Paternal aging and associated intraindividual alterations of global sperm 5 methylcytosine and 5 hydroxymethylcytosine levels

Capsule:
Global levels of sperm DNA methylation are significantly altered through the process of paternal aging.

Authors:
Timothy G. Jenkins, B.S., Kenneth I. Aston, Ph.D., Bradley R. Cairns, Ph.D., Douglas T. Carrell, Ph.D.

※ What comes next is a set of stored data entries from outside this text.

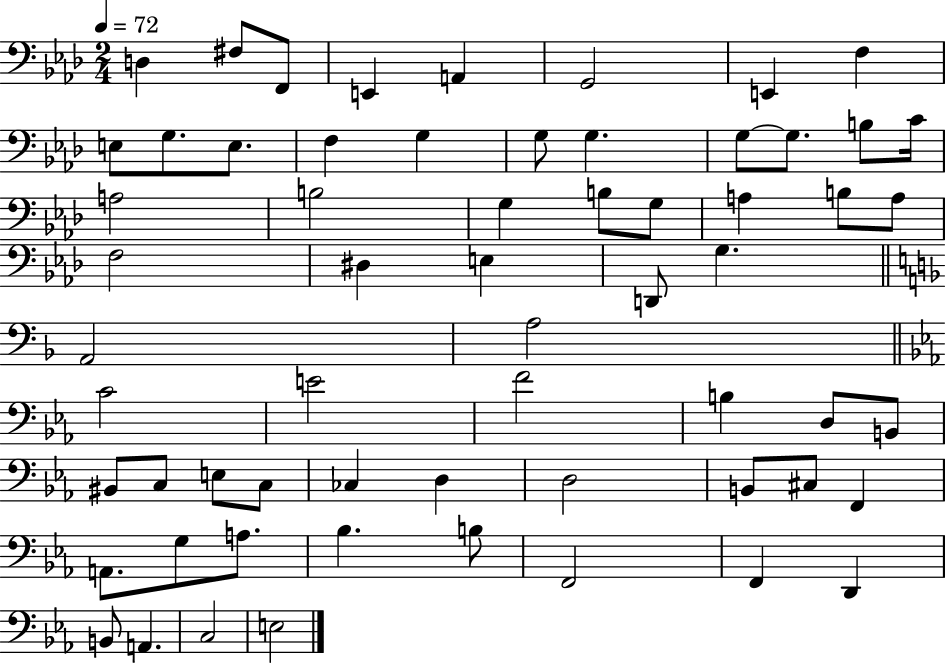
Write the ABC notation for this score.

X:1
T:Untitled
M:2/4
L:1/4
K:Ab
D, ^F,/2 F,,/2 E,, A,, G,,2 E,, F, E,/2 G,/2 E,/2 F, G, G,/2 G, G,/2 G,/2 B,/2 C/4 A,2 B,2 G, B,/2 G,/2 A, B,/2 A,/2 F,2 ^D, E, D,,/2 G, A,,2 A,2 C2 E2 F2 B, D,/2 B,,/2 ^B,,/2 C,/2 E,/2 C,/2 _C, D, D,2 B,,/2 ^C,/2 F,, A,,/2 G,/2 A,/2 _B, B,/2 F,,2 F,, D,, B,,/2 A,, C,2 E,2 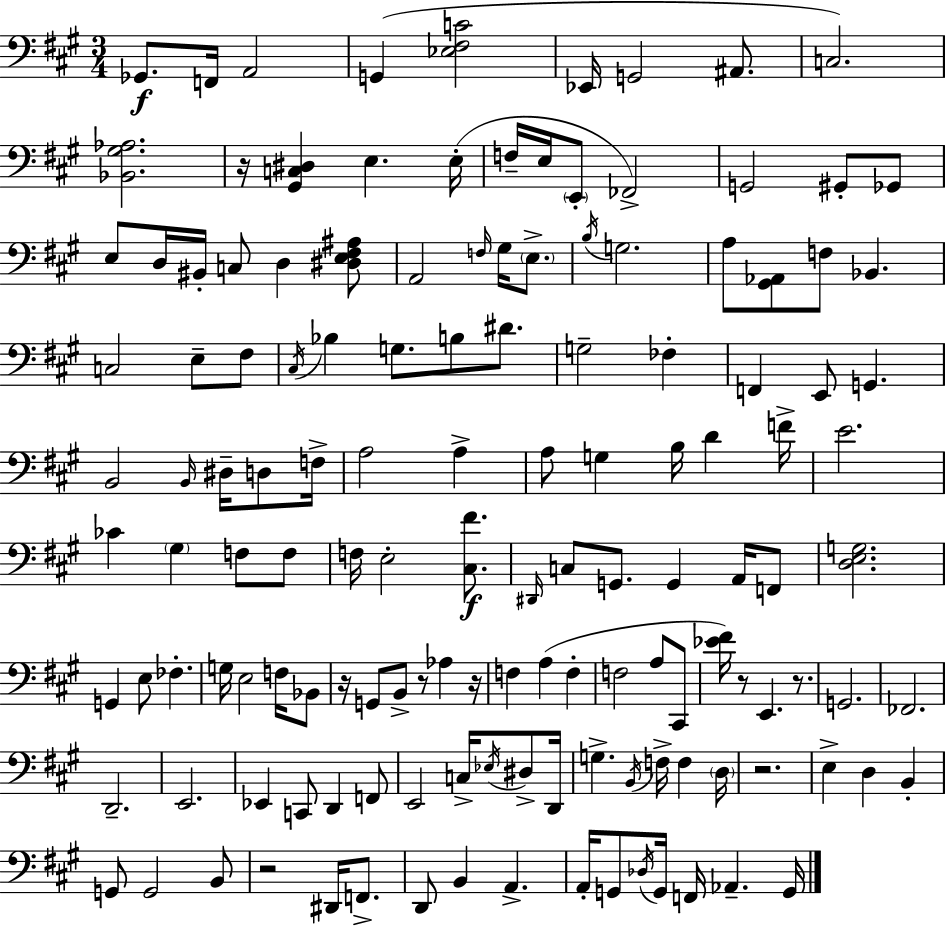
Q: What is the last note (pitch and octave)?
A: G2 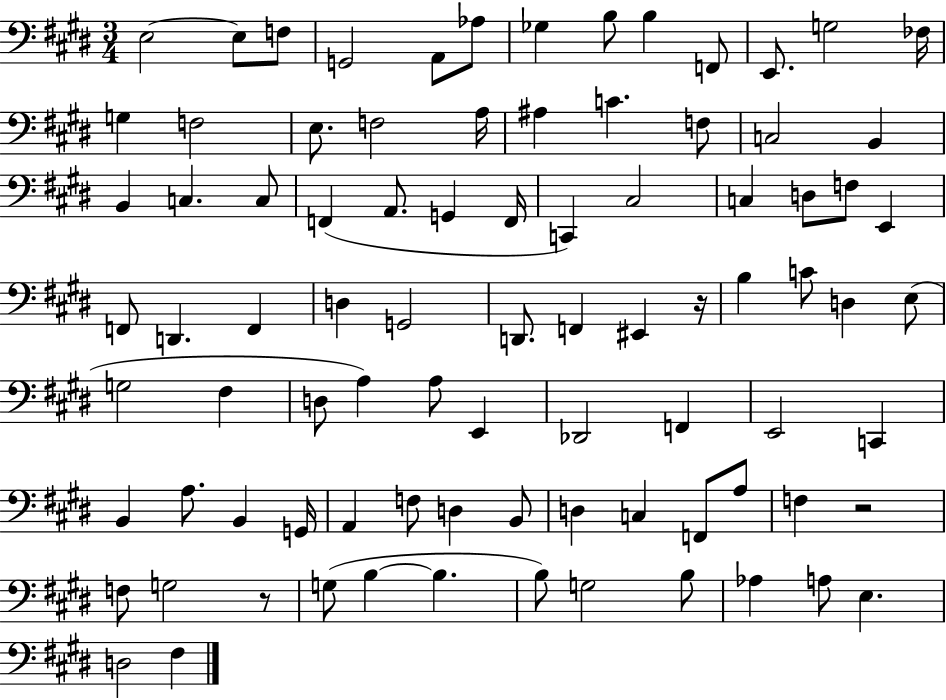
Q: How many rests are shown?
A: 3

Volume 100, Issue 4, Pages 945-951.e2, October 2013

Abstract:

Objective:
To evaluate the relative intraindividual changes in sperm 5-methylcytosine (5-mC) and 5-hydroxymethylcytosine (5-hmC) levels associated with age and to compare the levels of 5-hmC in mature human sperm to blood DNA.

Design:
Prospective research study.

Setting:
University-based andrology and in vitro fertilization (IVF) laboratory.

Patient(s):
Fifteen known fertile sperm donors, 22 other known fertile controls, and 41 male blood donors from a general population tissue bank.

Intervention(s):
None.

Main Outcome Measure(s):
Measurements of global 5-mC and 5-hmC levels via an enzyme-linked immunosorbent assay (ELISA)-based assay.

Result(s):
Global sperm 5-mC levels exhibit a statistically significant increase with age, and a similar trend was seen in 5-hmC levels. On average, in the age ranges we analyzed, 5-mC increased by 1.76% per year, and 5-hmC, though more variable, increased by approximately 5% per year. Additionally, we found that 5-hmC levels in sperm are 32.59% of that found in blood DNA.

Conclusion(s):
Global sperm DNA methylation patterns are stable over short periods of time but increase with age, which raises important questions regarding the risks of advanced paternal age. Additionally, as we would predict for a transcriptionally quiescent cell type, 5-hmC levels are statistically significantly lower in human sperm than in blood DNA.

  • Michael Eisenberg

    While the effects of maternal age on the health of offspring are well recognized, the role of the father is less certain. This paper provides important proof that a measurable and relevant factor (sperm methylation patterns) is affected by paternal age. There are several disease known to associated with paternal age. By understanding this relationship better, hopefully we can one day correct it as well.